Return-on-equity expectations for 2013 lowered from 20% to mid-teens

Expectations about the post-flotation performance of Royal Bank of Scotland Insurance (RBSI) have been lowered after highly ambitious financial targets were scrapped.

RBS Group’s annual report set a target of more than a 20% return on equity (ROE) for RBSI, the owner of Direct Line, Churchill and Privilege.

The target was privately met with disbelief from investors and analysts, as the usual industry standard measure is around 15%.

But in its first presentation to banking and insurance analysts ahead of its planned initial public offering (IPO) in the second half of 2012, RBSI chief financial officer John Reizenstein said that a sensible ROE figure for the business would be in the mid-teens.

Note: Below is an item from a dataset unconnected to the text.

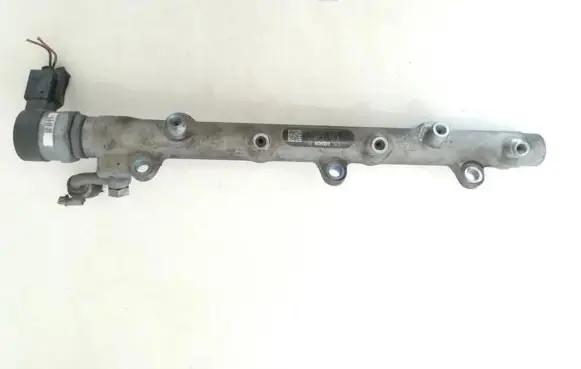 BMW 5 E60 E61 Fuel main line pipe 778716406 0445214030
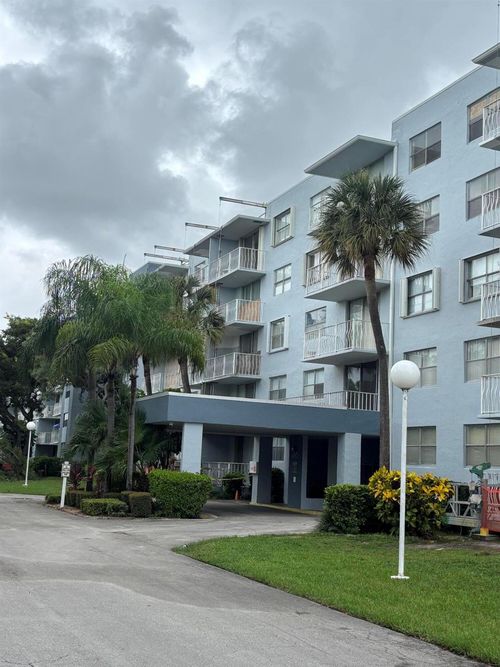 apt-2c-480 Executive Center Dr, West Palm Beach, FL, 33401-2981 | Card Image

Parent group The Royal Bank of Scotland’s cost of capital is 12%, which indicates that the insurer needs to make an ROE of at least that amount for it to make a return.

Back to business: RBSI’s return on equity

Analysts previously complained about a lack of information on RBSI’s financial performance, but by setting realistic ROE targets, it appears the insurer is bringing itself in line with City expectations.

Collins Stewart analyst Ben Cohen said that no indication had been given at the presentation that the company would make a 20% ROE by 2013. “I don’t think that would be a realistic target,” he said.

RBSI posted a negative ROE of 8% in the full year of 2010 and a positive ROE of 9.5% in the first half of 2011.

The company also confirmed that RBSI would not be disposed of in one go. RBS group investor relations head Richard O’Connor said that under current plans a minority of the business would be floated, with a secondary offering the following year.

When asked if the company would be given more time to float if market conditions were not conducive, O’Connor said there were fall-back plans but declined to comment further.

The company also revealed that it made £15m from referral fees in the first half of 2011 and that it would look to pay its parent a dividend of between £500m and £1bn before divestment.

Analysts gave the presentation a lukewarm reception, arguing that the numbers and plans look good, but more detail and clarity is needed.

Panmure Gordon analyst Barrie Cornes said: “There is still detail concerning claims triangulations and things like that that we are no wiser on but it is a step in the right direction - it is starting to give more detail.”

In particular, Cornes welcomed the breakdown of results by unit, which show separate underwriting results and gross written premium for RBSI’s broker commercial lines unit NIG.

Cohen added: “I thought they were making reasonable claims about what they can do as a business and what they would look to do as an independently listed company, particularly about the growth that the business could achieve and the return on equity they would look to make.”

However, question marks about the company’s future remain. While acknowledging that the first-half 2011 result was far better than the first-half 2010 loss, Cornes said: “It is a bit early to tell whether that is a long-lasting improvement in underwriting performance and the business has really turned a corner.”

In addition, there are still questions about whether NIG will remain part of the group post-flotation. Cornes said: “We were not given a firm steer one way or the other whether it would necessarily be in or out of an IPO,” Cornes said. “The jury is firmly out.”

RBSI has previously strongly denied any suggestion that it would hive off NIG.